Amleth consegue escapar, e enquanto rema para uma enseada mais segura repete o mantra que irá guiar seus passos dali em diante: "Vou te vingar, pai; vou te salvar mãe; Eu vou matar você Fjölnir!”. Alguns anos mais tarde Amleth, já crescido se torna um berserker de coração de ferro na terra dos Rus (atual Ucrânia). Uma impressionante sequência de plano estendido acompanha um ataque furioso de seu bando a uma vila eslava, com direito a machadadas, sanguinolência e assassinato de camponeses inocentes. A cena é um prólogo para o que virá em seguida.

Após o ataque, Amleth tem um encontro com uma vidente (a cantora Björk) que coloca o berserker em uma rota direta para a Islândia onde ele planeja cumprir suas promessas. Marcando-se como escravo, ele se infiltra no círculo de seu tio para poder observá-lo e planejar o curso de suas ações. Uma vez instalado entre os inimigos, ele ganha a confiança deles disputando um esporte que parece um misto de Quadribol e Vale Tudo e se une a outra escrava, Olga, que lhe convence com a seguinte proposta: "Sua força quebra os ossos dos homens. Eu tenho a astúcia para quebrar suas mentes."  

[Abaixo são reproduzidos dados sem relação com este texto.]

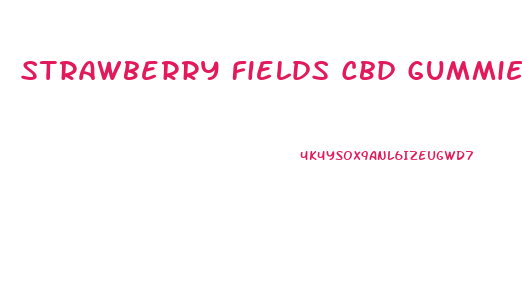 Strawberry Fields Cbd Gummies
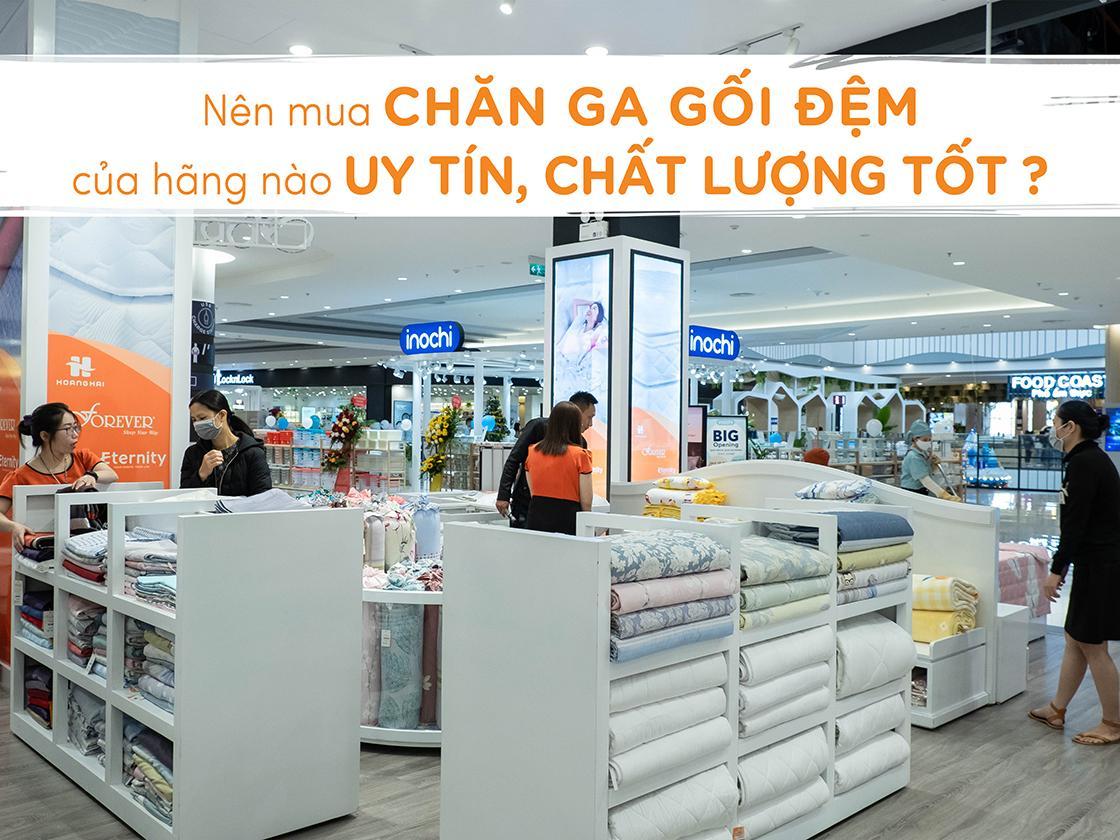 Nên mua chăn ga gối của hãng nào uy tín, chất lượng tốt?
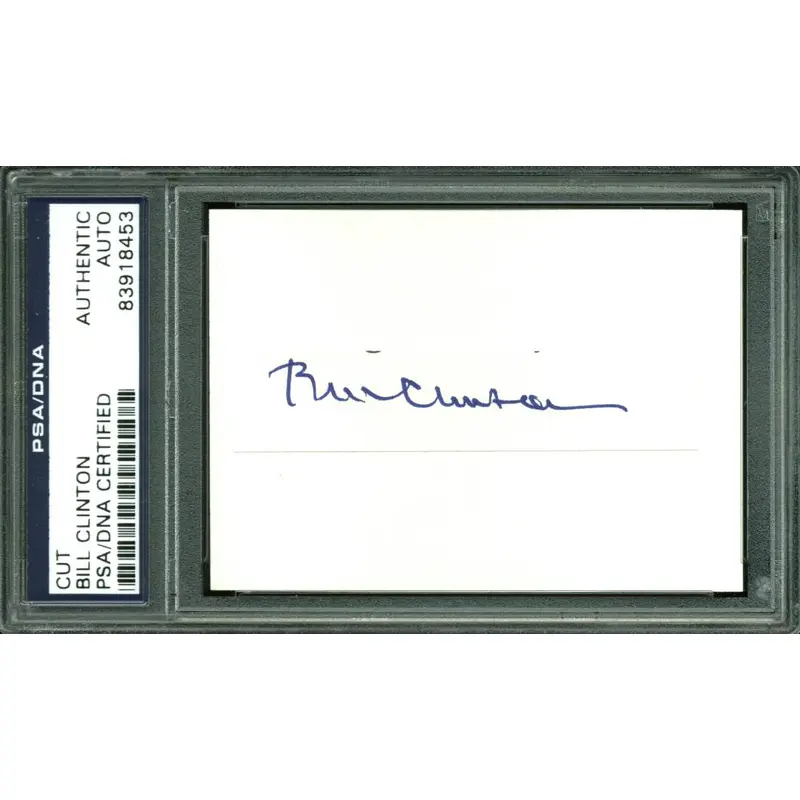 Bill Clinton Authentic Signed .75x3 Cut Signature Autographed PSA/DNA Slabbed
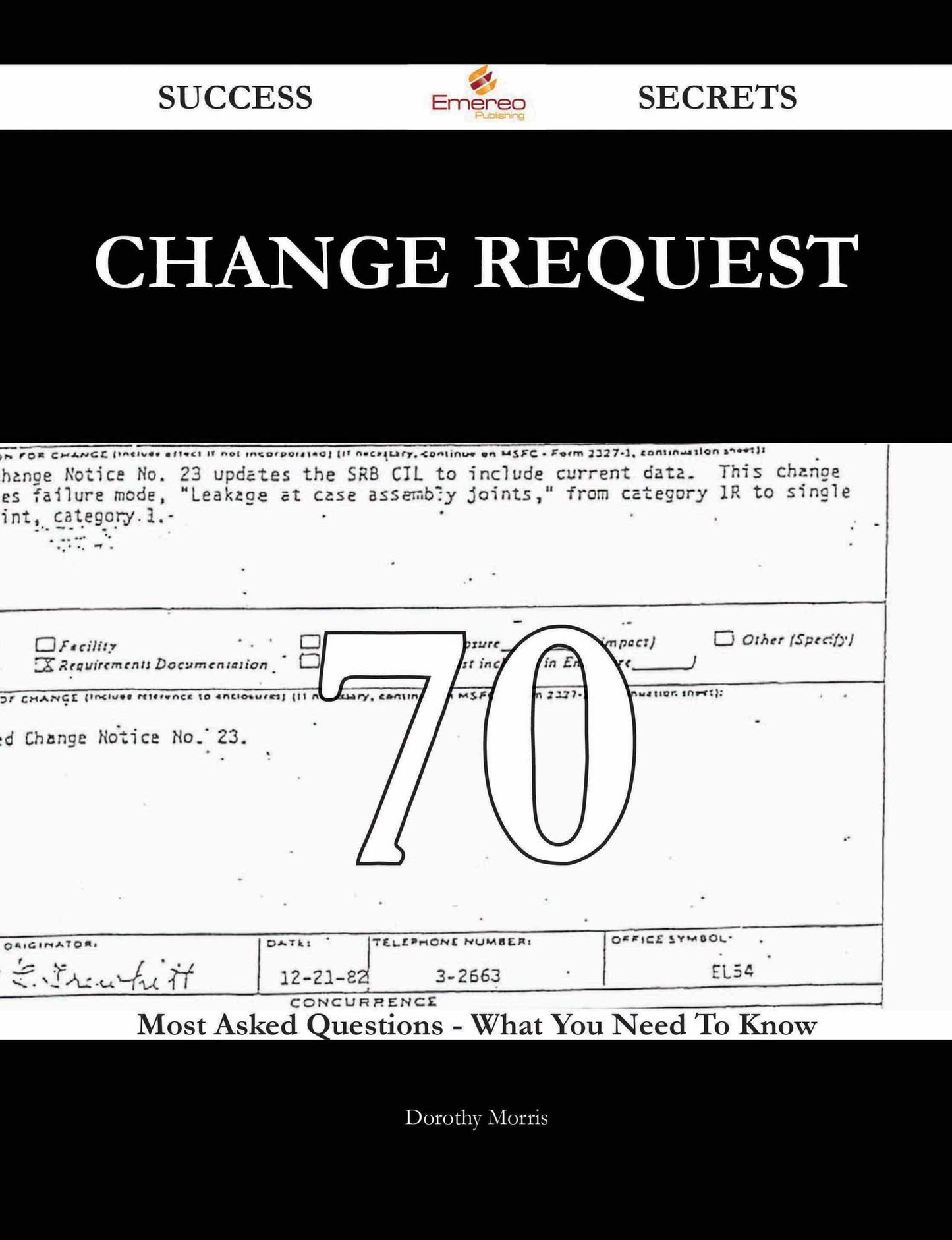 Change Request 70 Success Secrets - 70 Most Asked Questions On Change Request - What You Need To Know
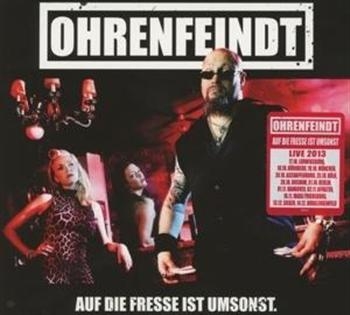Ohrenfeindt - Auf Die Fresse Ist Umsonst ryhmässä CD / Hårdrock/ Heavy metal @ Bengans Skivbutik AB (613233)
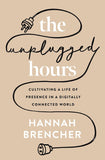 The Unplugged Hours: Cultivating a Life of Presence in a Digitally Connected World by Hannah Brencher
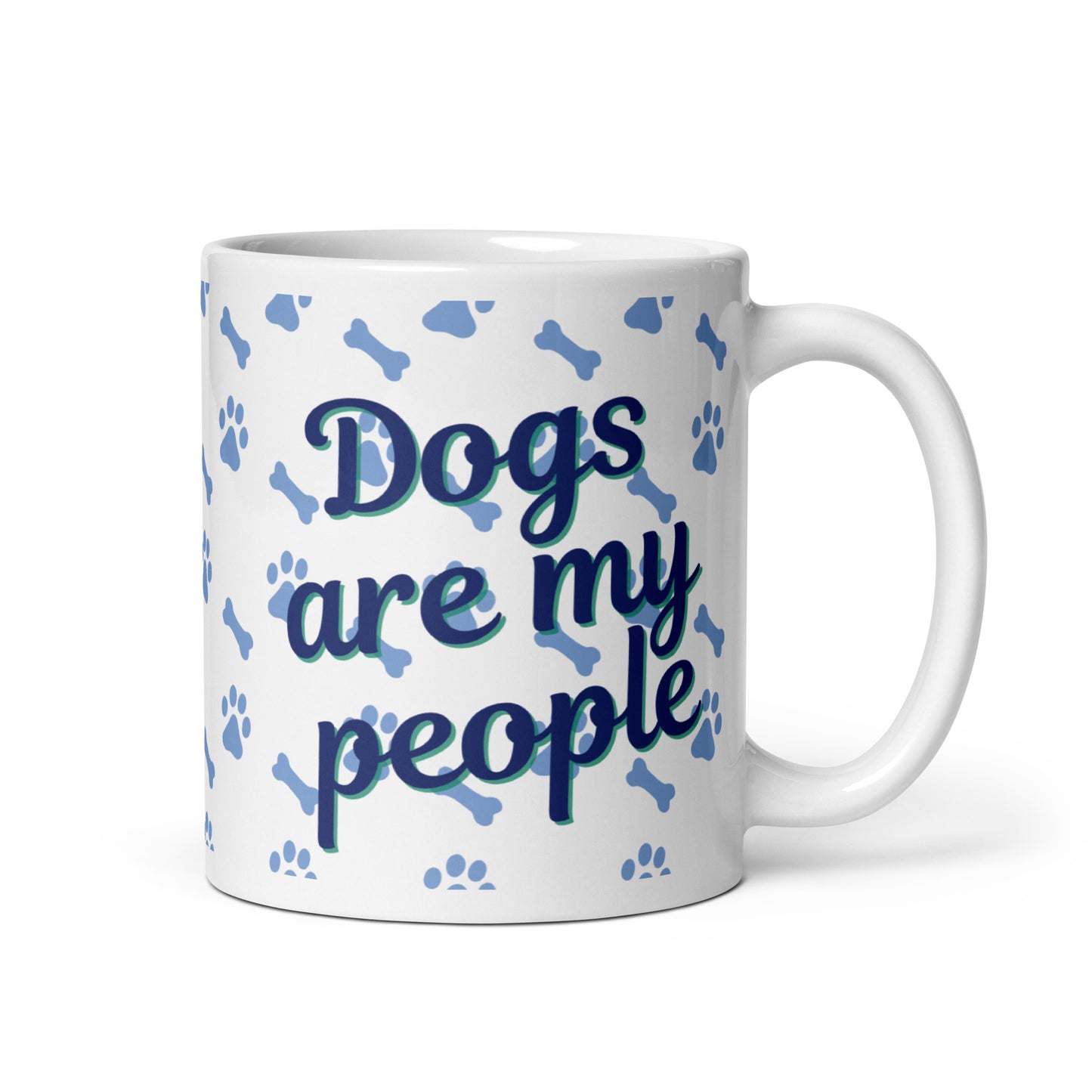 Dogs Are My People - Dog Lovers Mug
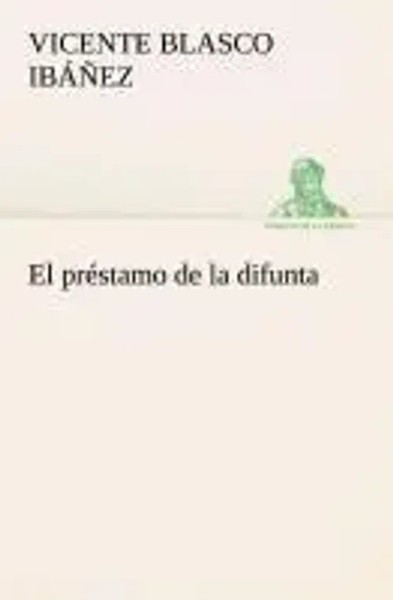 Vicente Blasco IbáñEz | El PréStamo De La Difunta | Taschenbuch | Spanisch-image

Uma sacada interessante em O Homem do Norte é que a linha entre o real e o sobrenatural é difícil de ser percebida. Em determinados momentos, os personagens parecem estar diante de coisas inexplicáveis e grandes mistérios, mas que podem ser explicados pelo consumo de substâncias alucinógenas ou de suas crenças e superstições. A cena em que Amleth vai atrás de uma espada supostamente mágica que o ajudará a executar sua missão, e essa precisa ser tomada de um morto vivo é especialmente bem realizada.

Como não poderia deixar de ser, a trama sofre algumas reviravoltas, sobretudo quando Amleth consegue se aproximar de sua mãe e descobre verdades que ele desconhecia sobre seu pai. Além disso, o envolvimento de Olga, acena com uma outra vida, e isso faz com que ele questione se deve ou não prosseguir com o plano vingativo, já que este provavelmente irá consumir tudo e todos à sua volta.

Eggers deu entrevistas recentemente afirmando ter sofrido pressão para tornar O Homem do Norte um filme mais acessível e assim atrair mais público. Mas mesmo sem provocar debate ou criar dúvidas no espectador como aconteceu em seus dois filmes anteriores, The Northman é muito superior a qualquer filme de ação e aventura convencional que vemos por aí nos multiplex. Esse é um épico histórico de violência para ser desfrutado do início ao fim.

Se o objetivo era criar o filme definitivo sobre Vikings, parabéns, O Homem do Norte é esse filme. 

Trailer:


2 comentários:

  1. Gostei do filme, é uma boa aventura, mas os personagens não foram muito bem trabalhados, ficou meio superficial.